It’s a sentiment shared by other women on campus, including petroleum engineering student Alexandria Hunt.

“I feel that with that statistic, my chances of success are lower,” Hunt said.

Hunt’s eventual salary may be more competitive. The wage gap in Alberta is partly driven by its economic ties to the male-dominated oil and gas sector.

“Many men are in those positions, and so many of those positions are high-paying. It really does skew the averages quite a bit,” said Mount Royal University Professor Christian Cook.

“The difference in pay is actually significant.”

Cook said the province needs a more thorough system to address pay inequities.

“Alberta has what is called a complaint-driven system,” Cook said. “In Ontario, there is a pay equity commission. That is a proactive system that audits organizations and works with them to remedy things like pay inequities.”
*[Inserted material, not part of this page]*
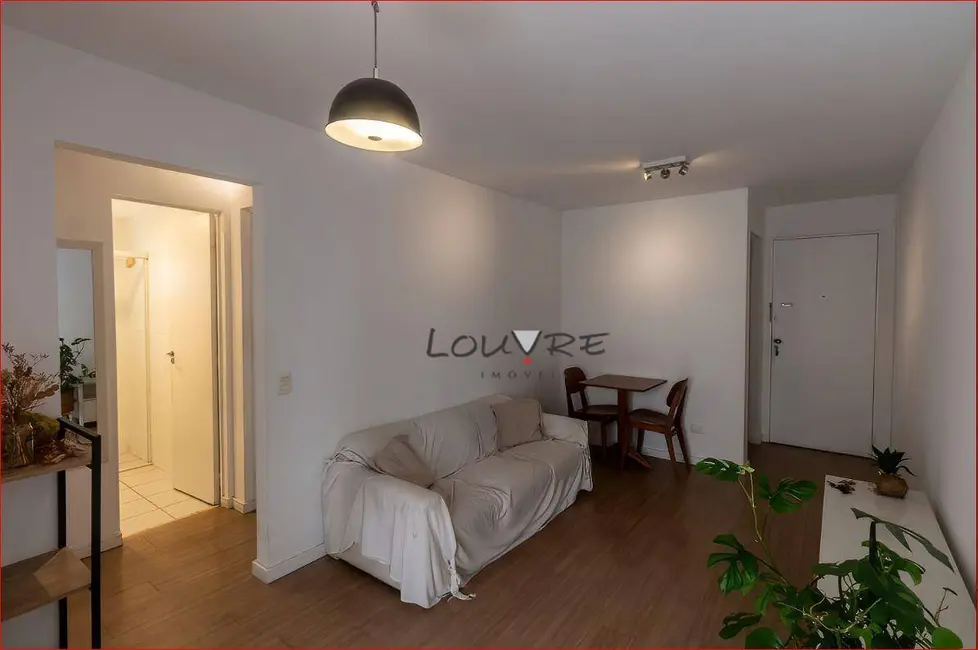 Foto 6 de Apartamento com 2 quartos para alugar, 60m2 em Itaim Bibi, São Paulo - SP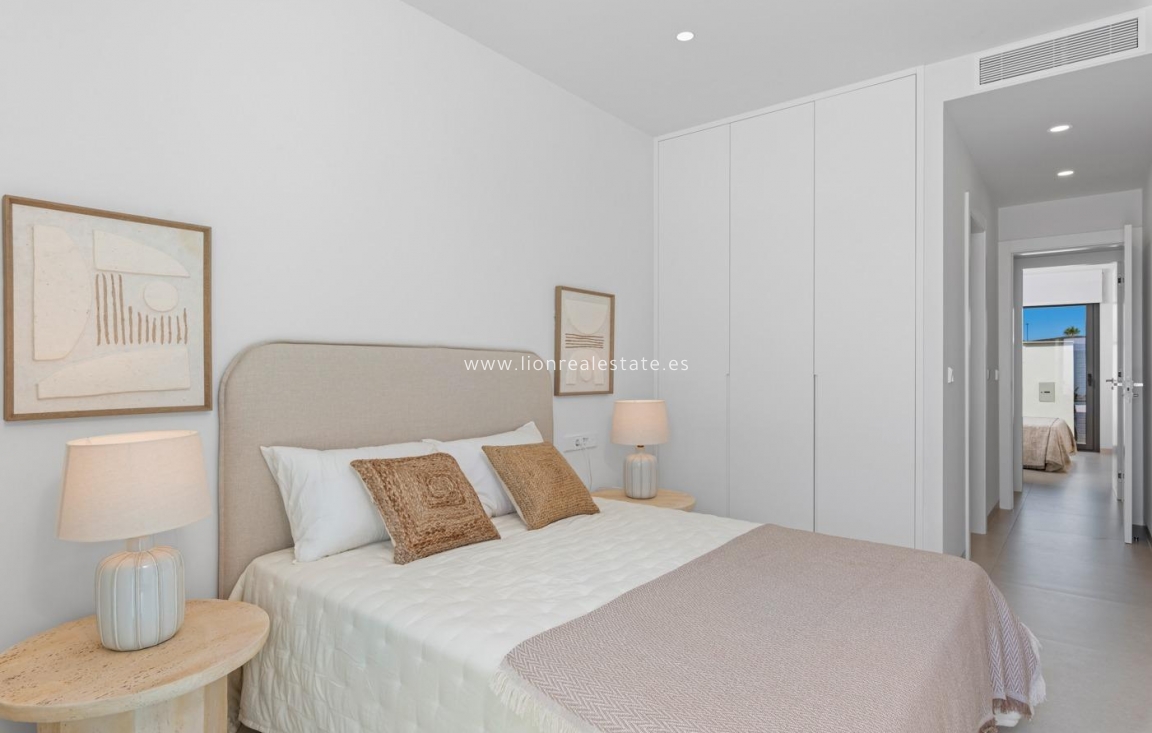 Новое здание - Town House - Los Alcazares - Serena Golf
In a statement, a press secretary for Alberta’s jobs, economy, trade and immigration minister said employment standards laws set out the rights and obligations of employers and employees.

“These rules apply equally to all employees, regardless of gender. Alberta’s government continues to review evidence, monitor developments in other jurisdictions and hear from stakeholder groups to guide our approach,” the statement said.

Tom Buchanan, a sociology professor at Mount Royal University, said there needs to be more transparency when it comes to wages.

“There need to be processes in place by which people can analyze wage differences more closely,” Buchanan said.